One of our team members, Sophie, is currently training and working from a ship in Antarctica, which is probably about as different as it gets from any other of the 280 GODZone competitors’ training schedules. We are in touch with Soph via email at least every few days, and are sorting some of the logistics back here in NZ while she smashes out the training hours. Here is how it’s done (in case you ever find yourself in the same bizarre situation)…
The ship is small, its not your typical cruise vessel. Its an active research vessel, 117m long, 21m wide but it does have 6 flights of internal stairs (I say internal as the external stairs are predominantly snow covered and slippery as ever most of the time!)
The training ‘missions’ consist of dodging crewmembers in the stairwell as I run laps with a 65l pack on.
The strange looks; the usual comment is “where are you going?” (that’s funny as there is literally nowhere to go) “where, why? why Sophie?” (In a Russian accent).
I get about 15m of elevation gain with each lap, that’s 70 stairs.
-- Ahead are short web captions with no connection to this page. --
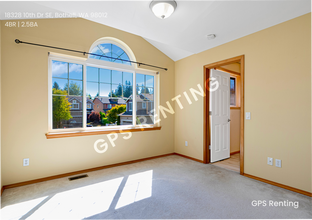 18328 10th Dr SE in Mill Creek, WA - Foto de edificio - Building Photo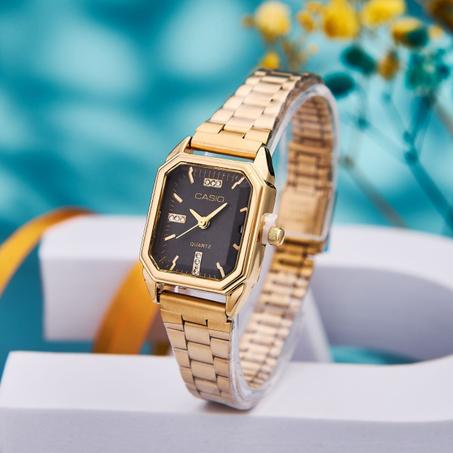 ساعة نسائية كاسيوجذابة وأنيقة
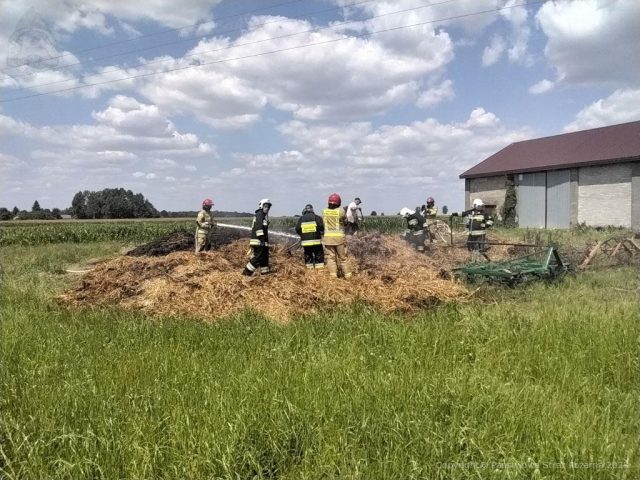 Trzy zastępy strażaków walczyły z pożarem sterty słomy (zdjęcia)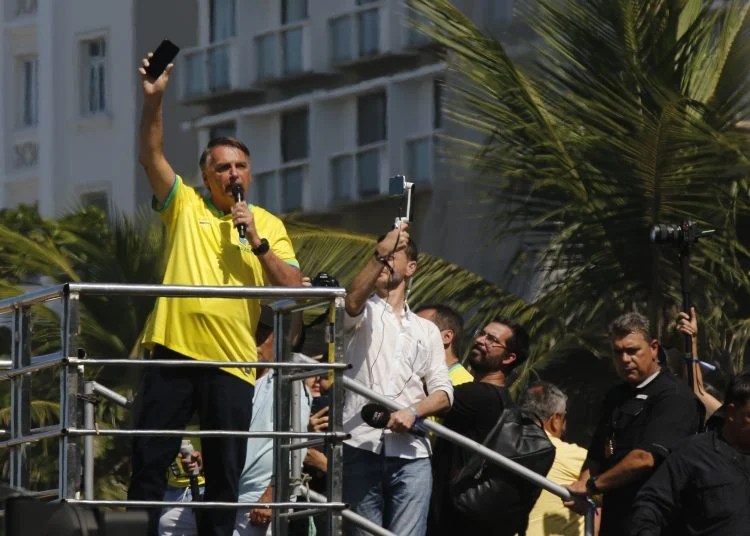 Bolsonaristas da Alerj intensificam mobilização para ato em Copacabana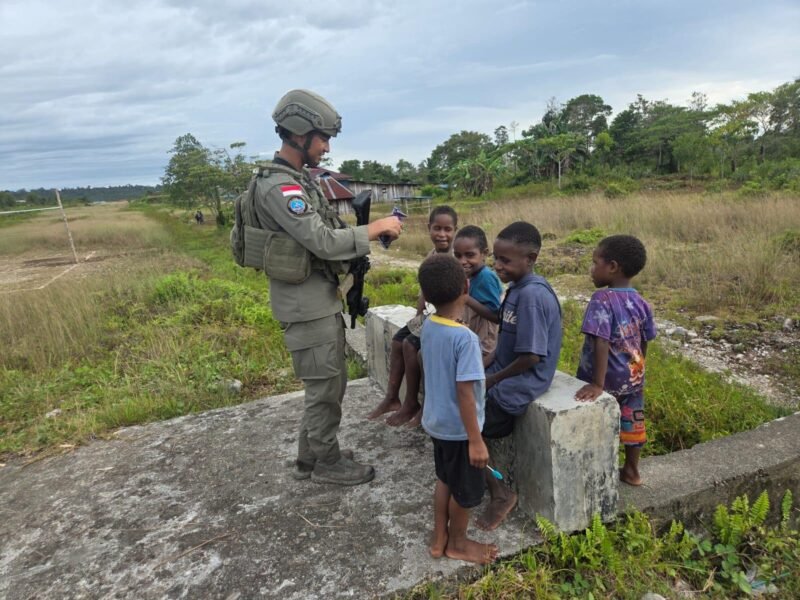 Personel Satgas Ops Damai Cartenz 2026 menyapa warga dan anak-anak sekitar Pos Koteka, Kabupaten Nduga, dalam patroli humanis, Senin (2/3/2026). Foto: Dok. Istimewa 
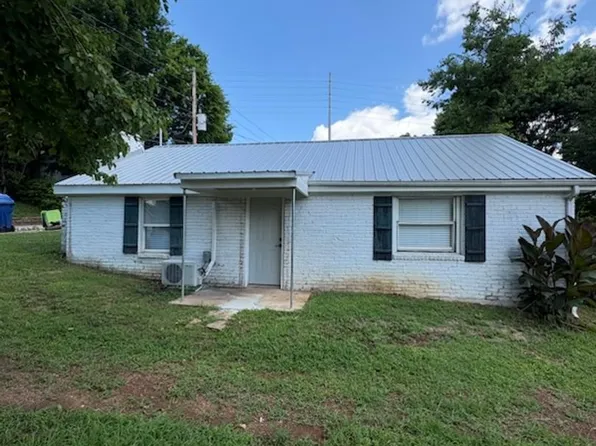 1906 Russell Ave, Jefferson City, TN 37760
The gym on board is shared between 90 passengers, 42 crew and 25 One Ocean Expeditions staff (it can accommodate four at the most at any one time). However, with a good imagination and a pack it can be quite fun. It’s located on Deck 1, the deep bowls of the ship, so the music can be pumped as loud as you desire.
However my favourite training mission is ‘the bike’ . . . I randomly stumbled across an old broken exercycle, it has been welded at the base so that it stands erect and there is no resistance dial.
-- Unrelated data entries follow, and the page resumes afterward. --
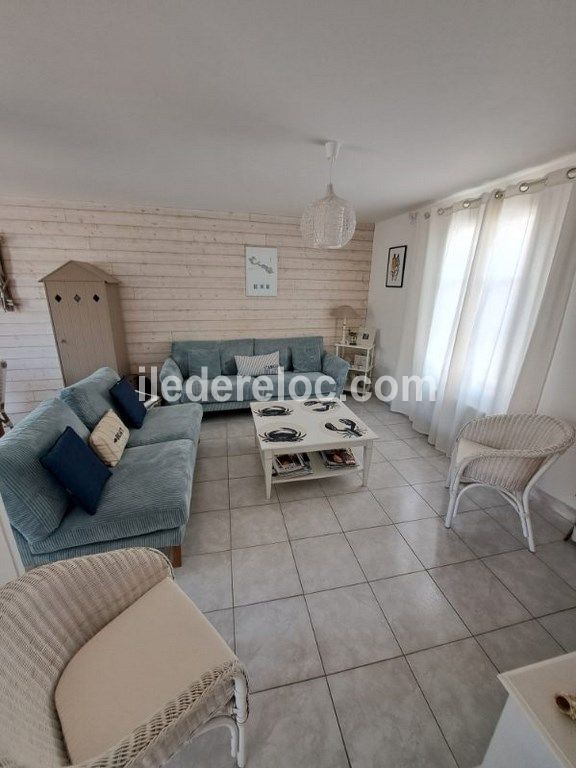 Photo 6: An accomodation located in La Flotte-en-R&eacute; on ile de R&eacute;.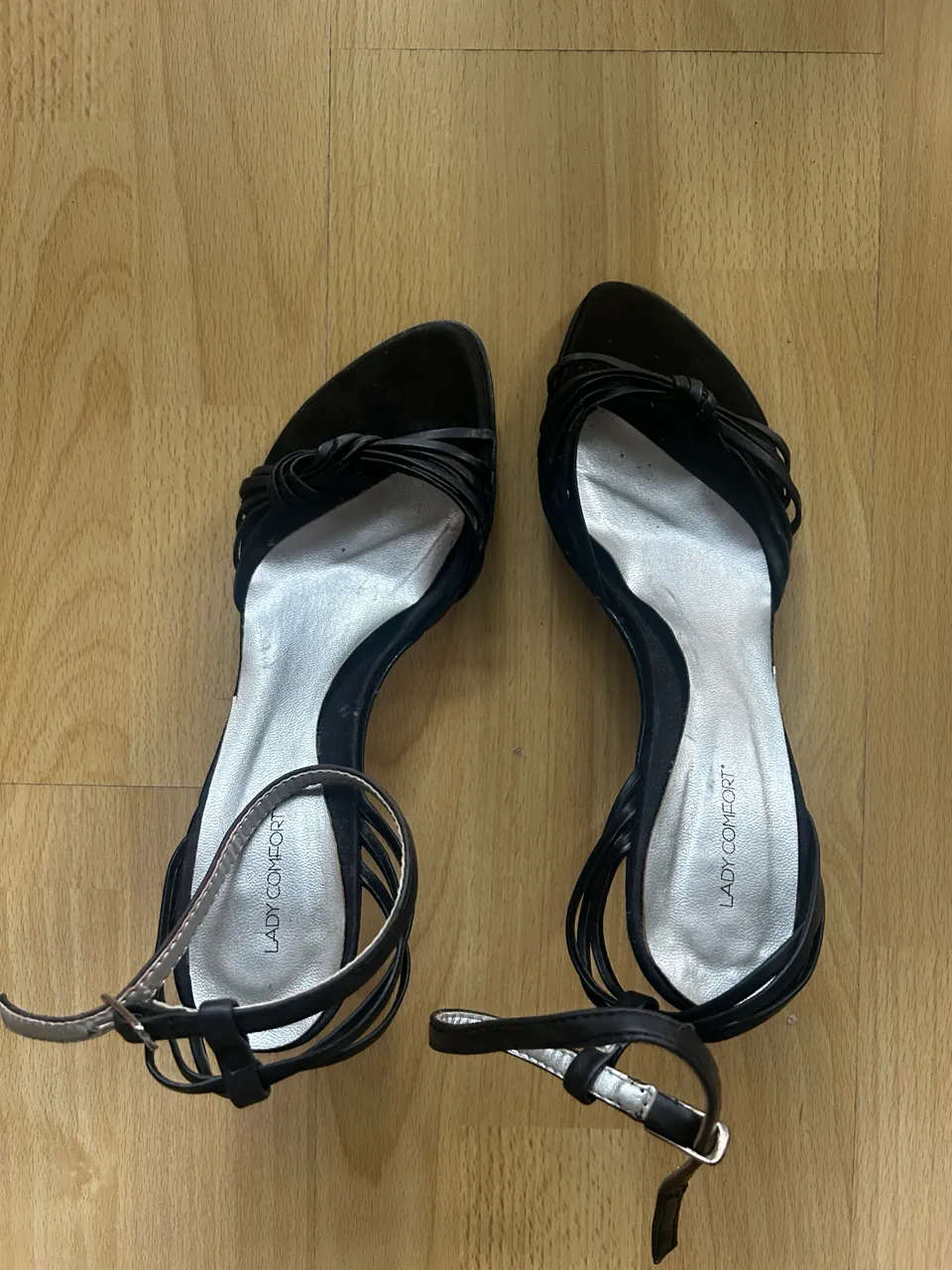 Lady comfort · Talle AR 37
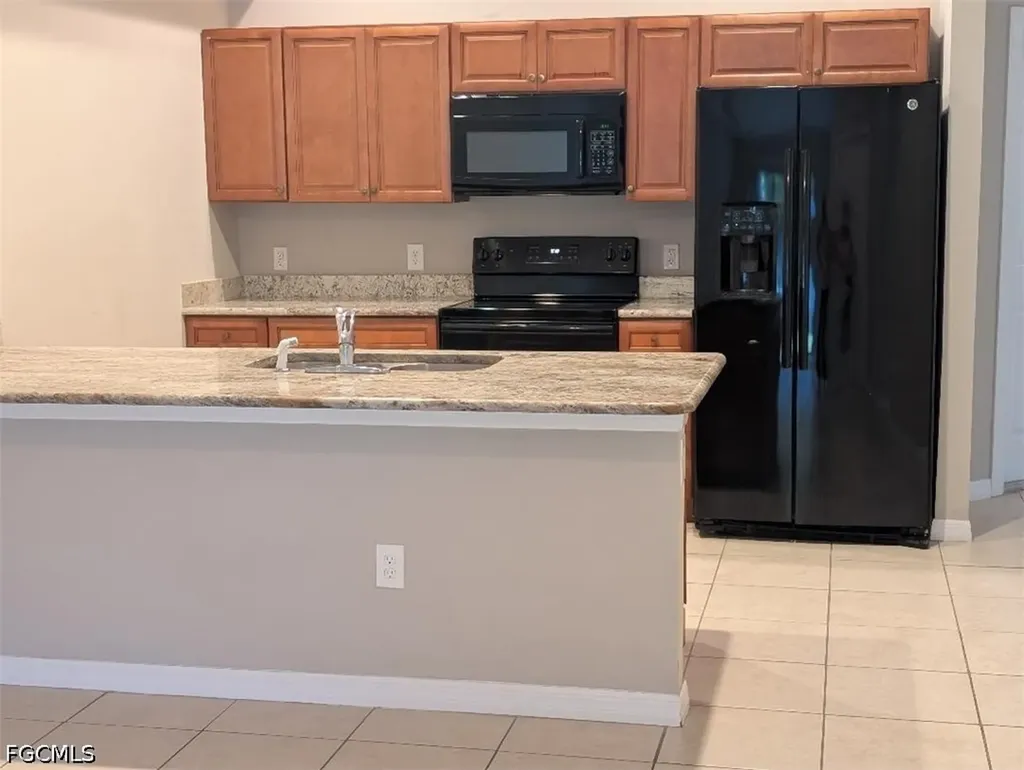 1935 NE 6th Street Cape Coral FL 33909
I was over the moon that I could spend some time sitting on a bike seat to try and ‘condition’ my bum to getting used to long hours in the saddle.
As I was sitting there with my legs spinning faster than . . . I decided I’d try and create my own resistance. As there is no plastic housing/casing on the exercycle anymore I could jam an old gumboot in the front drive wheel. Hey presto! Resistance (a lot of it actually) the harder I peddle the more resistance it creates as it sucks the gumboot in even further. Then the smell of burning rubber starts and soon after the squeal of that burning rubber on the metal drive wheel! Oh the serenity of a true training mission for one of the world’s greatest adventure races!
So the indoor training for the outdoors is hard but one thing that I can do while out in the ice waters is add a ‘resistance band’ to my kayak.
I kayak on average twice each day for two or so hours at a time while we are on the Antarctic Peninsula guiding groups to this magical part of the world.
The resistance band is simple but effective! It’s an old bit of rope wrapped around the perimeter of my kayak adding drag and resistance. Also at the tail end of summer the sea is starting to freeze again adding nature’s own resistance as we push through thick brash ice and slushy fast ice.
We are looking forward to meeting up with Sophie in Nelson just before the race starts, and are stoked to have her incredible outdoors experience and skills joining the team. (And just quietly, think she’s a bit of a legend for having the motivation to ride a rusty exercycle in the dungeon of a ship as it squeals away and shreds through the rubber. Go Soph!)